━━━ Entries shown

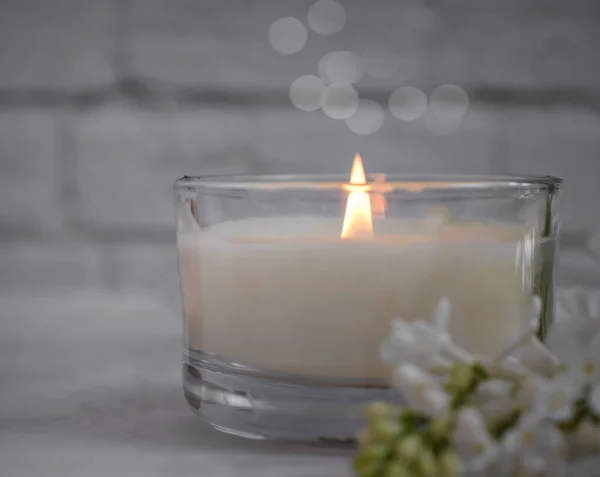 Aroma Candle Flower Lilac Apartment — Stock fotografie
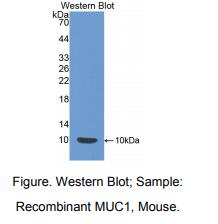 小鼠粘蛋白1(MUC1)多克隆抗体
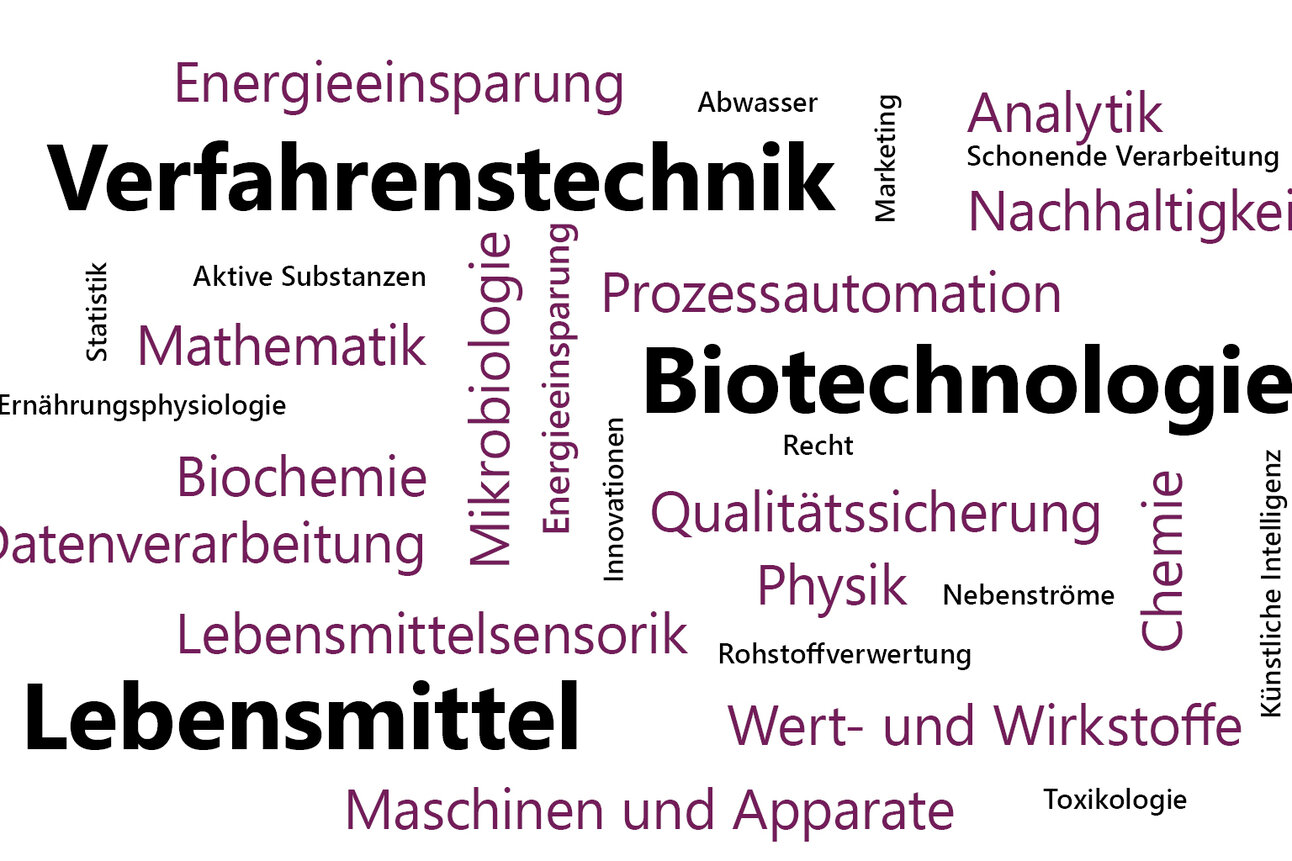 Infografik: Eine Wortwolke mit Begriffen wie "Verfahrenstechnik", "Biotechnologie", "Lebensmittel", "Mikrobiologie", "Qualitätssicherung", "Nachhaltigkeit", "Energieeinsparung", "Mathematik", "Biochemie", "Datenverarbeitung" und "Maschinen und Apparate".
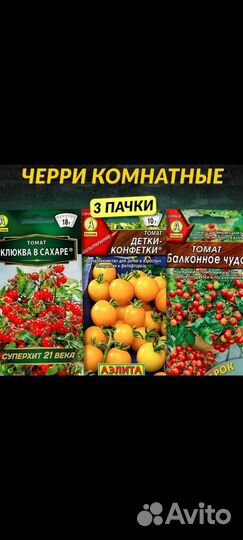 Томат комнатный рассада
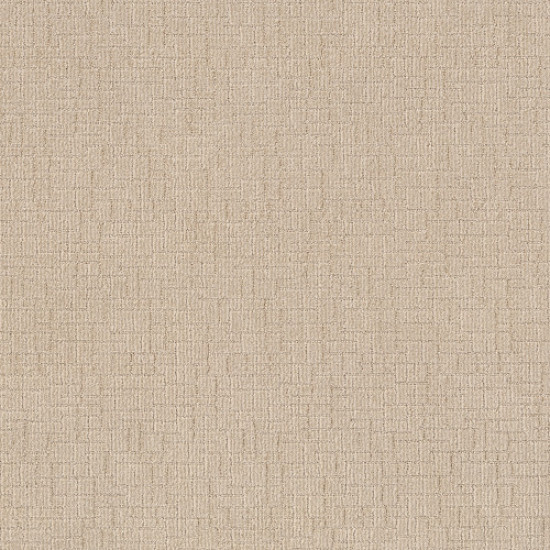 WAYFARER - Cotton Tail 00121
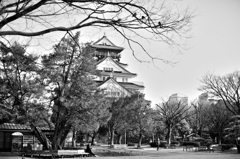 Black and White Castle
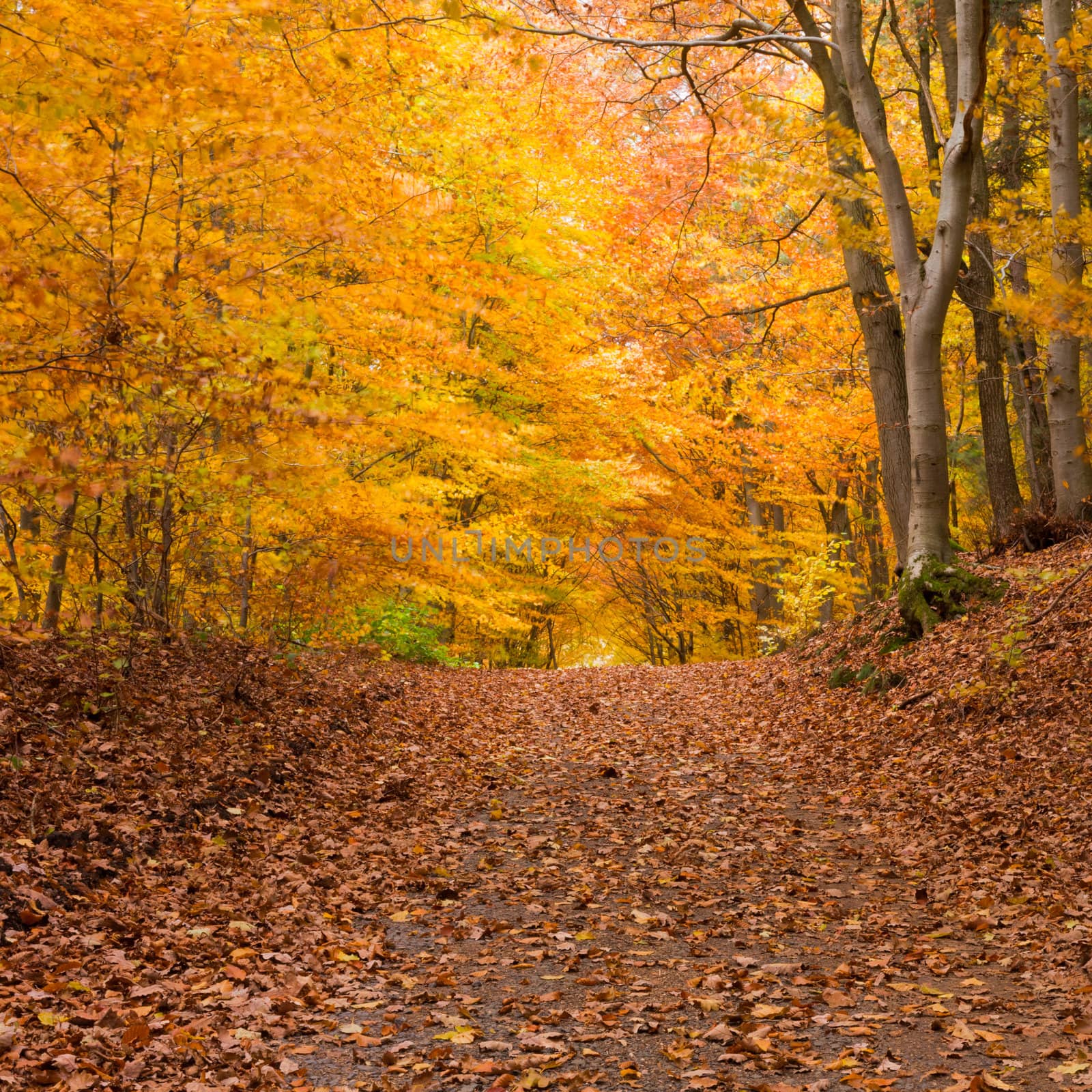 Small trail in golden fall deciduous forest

━━━━━━

## Problem statement
What is wanted is a word-for-word restatement of the entries, without their images.

## Result below
 Aroma Candle Flower Lilac Apartment — Stock fotografie
 小鼠粘蛋白1(MUC1)多克隆抗体
 Infografik: Eine Wortwolke mit Begriffen wie "Verfahrenstechnik", "Biotechnologie", "Lebensmittel", "Mikrobiologie", "Qualitätssicherung", "Nachhaltigkeit", "Energieeinsparung", "Mathematik", "Biochemie", "Datenverarbeitung" und "Maschinen und Apparate".
 Томат комнатный рассада
 WAYFARER - Cotton Tail 00121
 Black and White Castle
 Small trail in golden fall deciduous forest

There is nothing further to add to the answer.